Le 6 mai dernier se tenait l’événement annuel du monde de la mode, devenu une véritable institution, le Gala du Metropolitan Museum of Art. Cette année le thème choisi par la rédactrice en chef du Vogue America, Anna Wintour, en laissa perplexe plus d’un, « Camp : Notes on Fashion ». Et pourtant, la prêtresse de la mode n’aurait pas pu trouver meilleur thème pour notre époque, où les créations se donnent sans cesse en spectacle. Actrices et chanteuses, stars du show-business et mannequins nous ont alors offert une démonstration lors de cette édition, où se succédèrent sur le tapis rouge des tenues parfois improbables, mais souvent uniques en leur genre, de vraies pièces de maîtres qui tentèrent de suivre la vision de la mode donnée par l’essayiste Susan Sontag, inspirant le thème de cette année.
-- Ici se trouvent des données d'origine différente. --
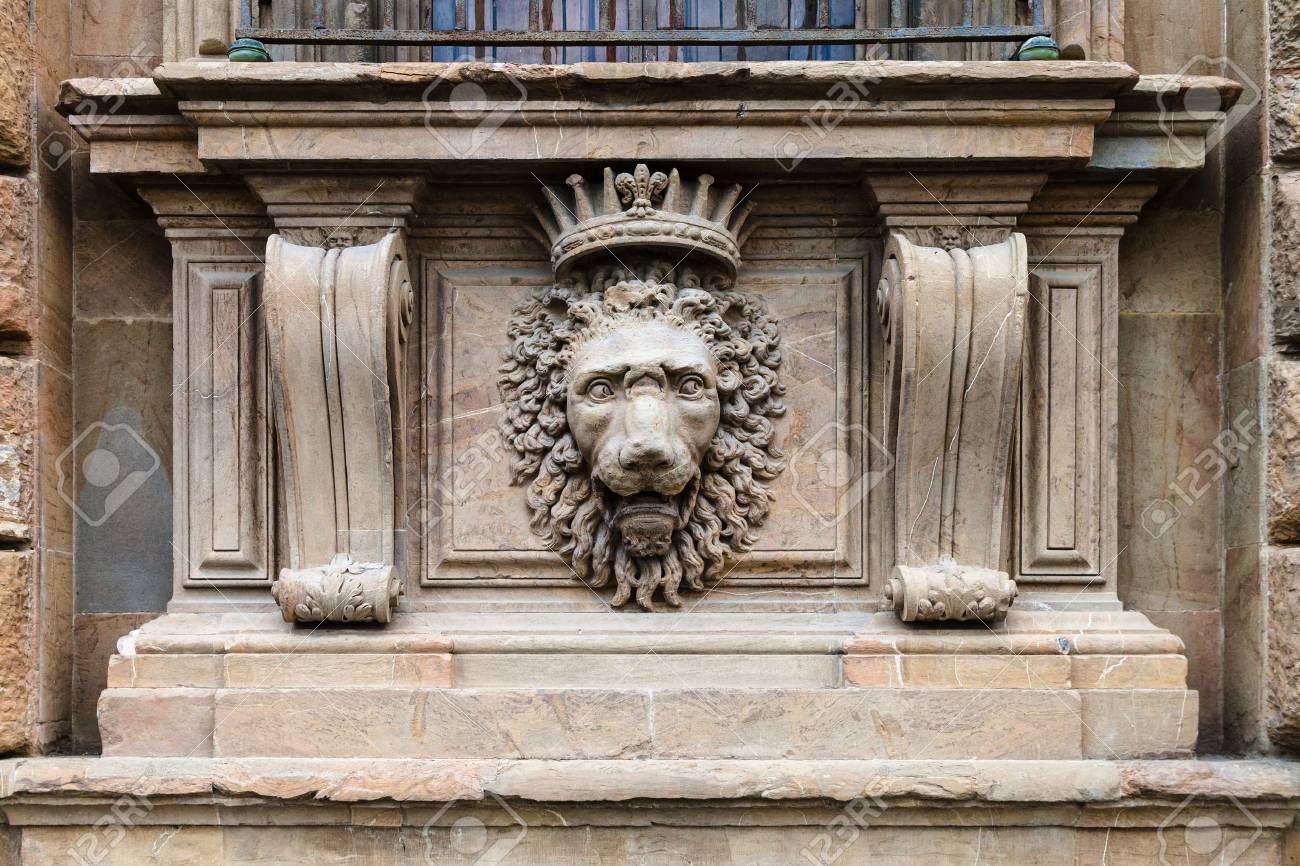 Viaje A Italia Decoracion Cabeza De Leon De La Pared Externa Del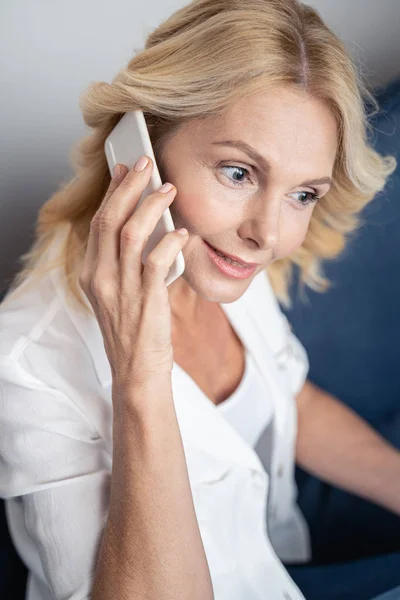 Enfocado atractiva dama haciendo una llamada telefónica —  Fotos de Stock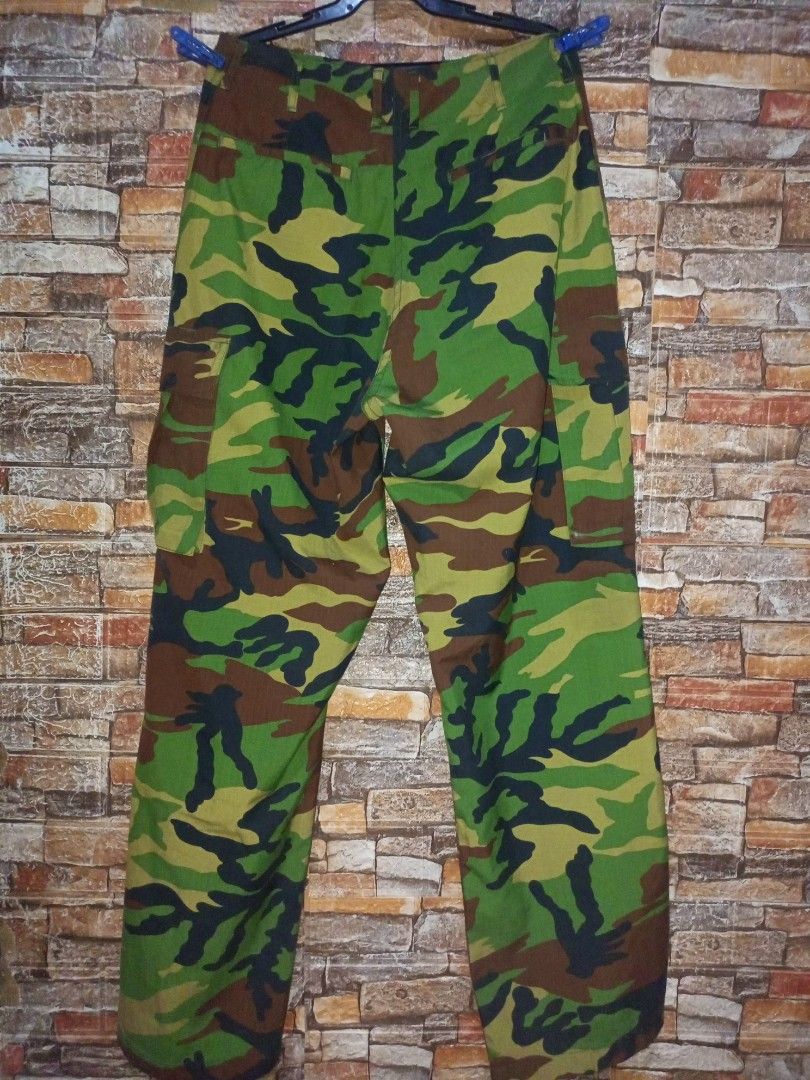 Camouflage cargo pants on Carousell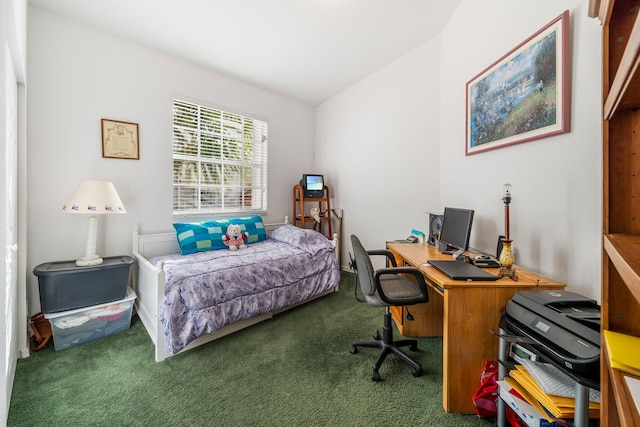 bedroom featuring carpet floors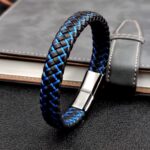 Nuestra pulsera combina cuero de alta calidad con acero inoxidable, creando un accesorio elegante, resistente y moderno que puedes usar todos los días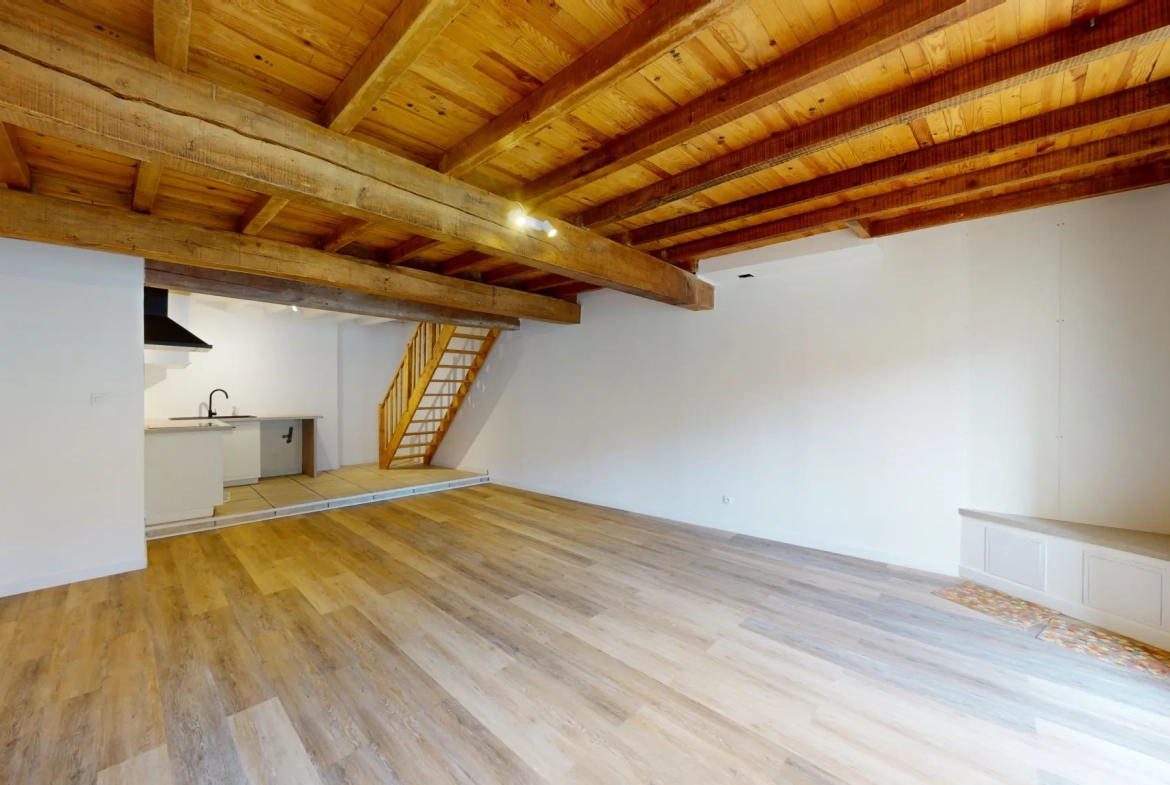Maison 3 pièces rénovée de 74 m² à Montaigut-sur-Save proche commodités 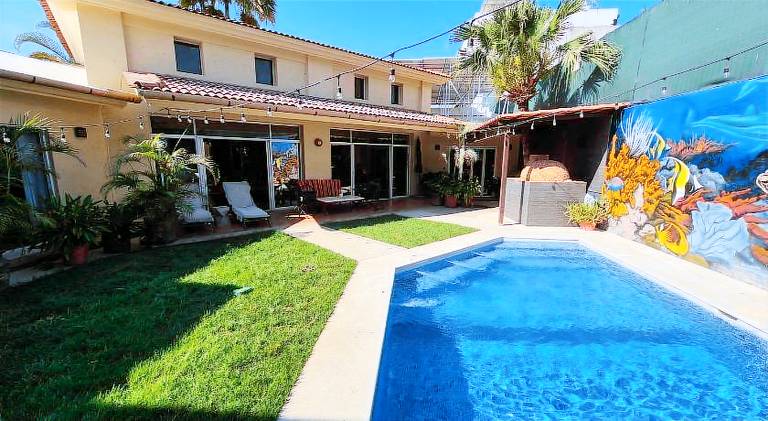 Private bedroom in gorgeous shared Versailles house with heated and cooled pool in Puerto Vallarta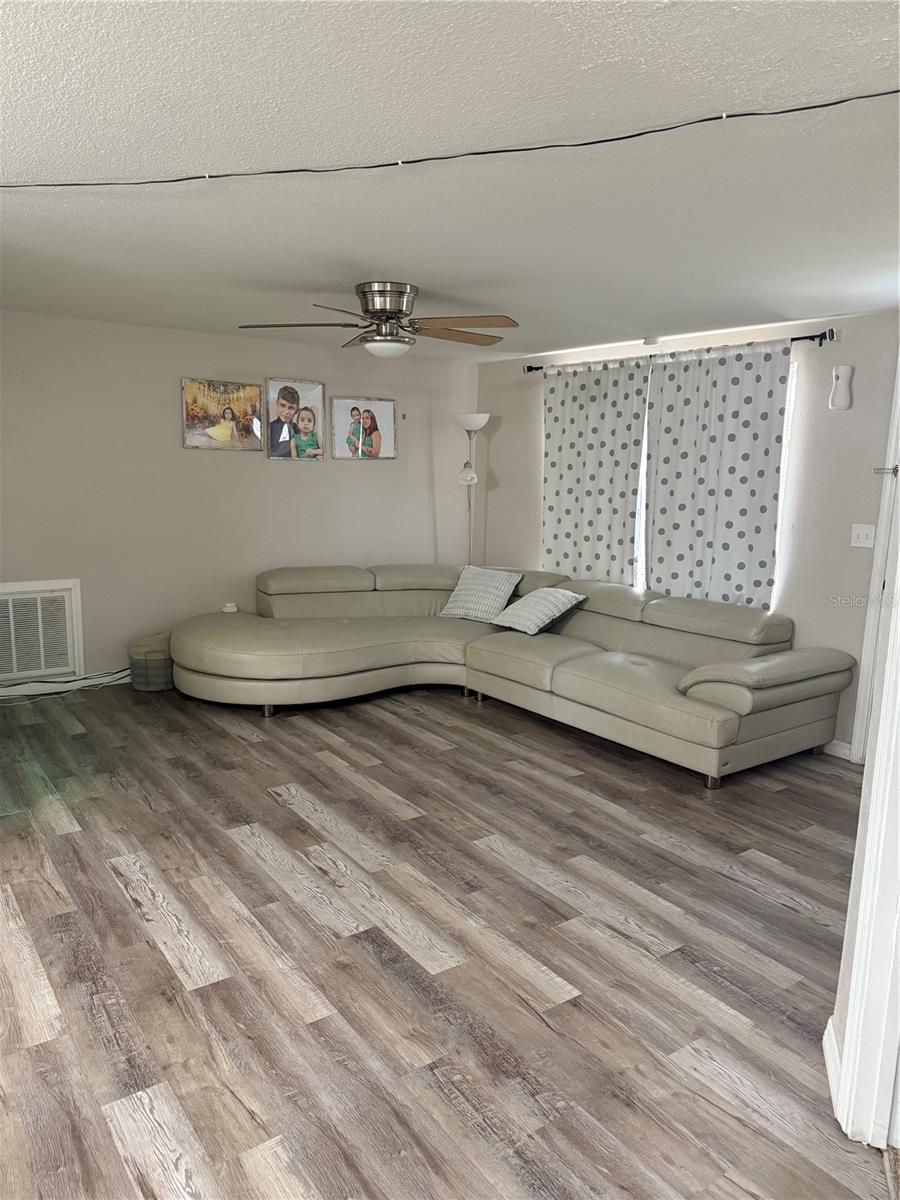 Listing photo id 11 for 7525 Arbordale Drive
Une nouvelle édition qui nous prouve encore une fois que la mode est bien plus qu’habits, c’est un monde à part où beauté, excellence, extravagance et spectacle ne font qu’un.

Un thème énigmatique

Le choix d’Anna Wintour pour le thème de cette année 2019 en perturba plus d’un. Camp : Notes on Fashion. C’est-à-dire ? La mode au camping ? Susan Sontag, à l’origine du texte qui inspira le thème de cette année, aurait certainement éclaté de rire en entendant les nombreuses mauvaises interprétations et la perplexité générale que provoquèrent l’annonce du motif à suivre cette année. Pour mieux comprendre le thème de cette édition 2019 du MET Gala, il nous faudra retourner quelques siècles en arrière, plus exactement à l’époque de la cour de Versailles, où le terme « se camper » fit sa première apparition. À cette époque là, cette expression ne faisait sens que dans le milieu de la cour, « se camper » symbolisant la manière d’être et de paraître nécessaire pour plaire et briller devant le roi et sa cour. Mais loin d’être oubliée, la formule traversa les époques, pour désigner les dandys du XIXème siècle avant de venir définir la culture queer, à laquelle Sontag dans son essai Notes on Camp datant de 1964 fait référence. Malgré les changements que cette expression subit à travers les siècles, un point resta inchangé : se camper passe par la mode et son extravagance. Pour Sontag, bien plus que la marque d’une appartenance à un groupe, le camp joue un rôle de premier plan dans l’évolution de la société à travers son esthétique. La culture queer et l’exubérance d’une mode que l’on pourrait simplement résumer de « trop », trop excentrique, trop folle, trop exagérée, se distinguait certainement de manière plus claire à l’époque où l’essayiste américaine écrivait son manifeste. Mais aujourd’hui, l’exubérance se traduisant à travers la mode et l’apparence semble faire partie de notre paysage. La pop culture parait avoir avalé et digéré cette culture queer qui symbolisait le camp au siècle précédent, et aujourd’hui ce phénomène que Sontag qualifiait d' »ésotérique (…) un code privé » est partie intégrante de notre paysage socio-culturel. « L’essence du Camp est son amour pour tout ce qui n’est pas naturel : l’artifice et l’exagération” écrit Sontag. Cette citation colle parfaitement à la mode d’aujourd’hui, qu’elle se trouve dans la rue ou sur les podiums, car elle semble avoir fait du phénomène du camp une caractéristique de son identité actuelle. On l’a maintenant bien compris, le thème du MET Gala de cette année n’avait aucun rapport avec le camping, loin de là.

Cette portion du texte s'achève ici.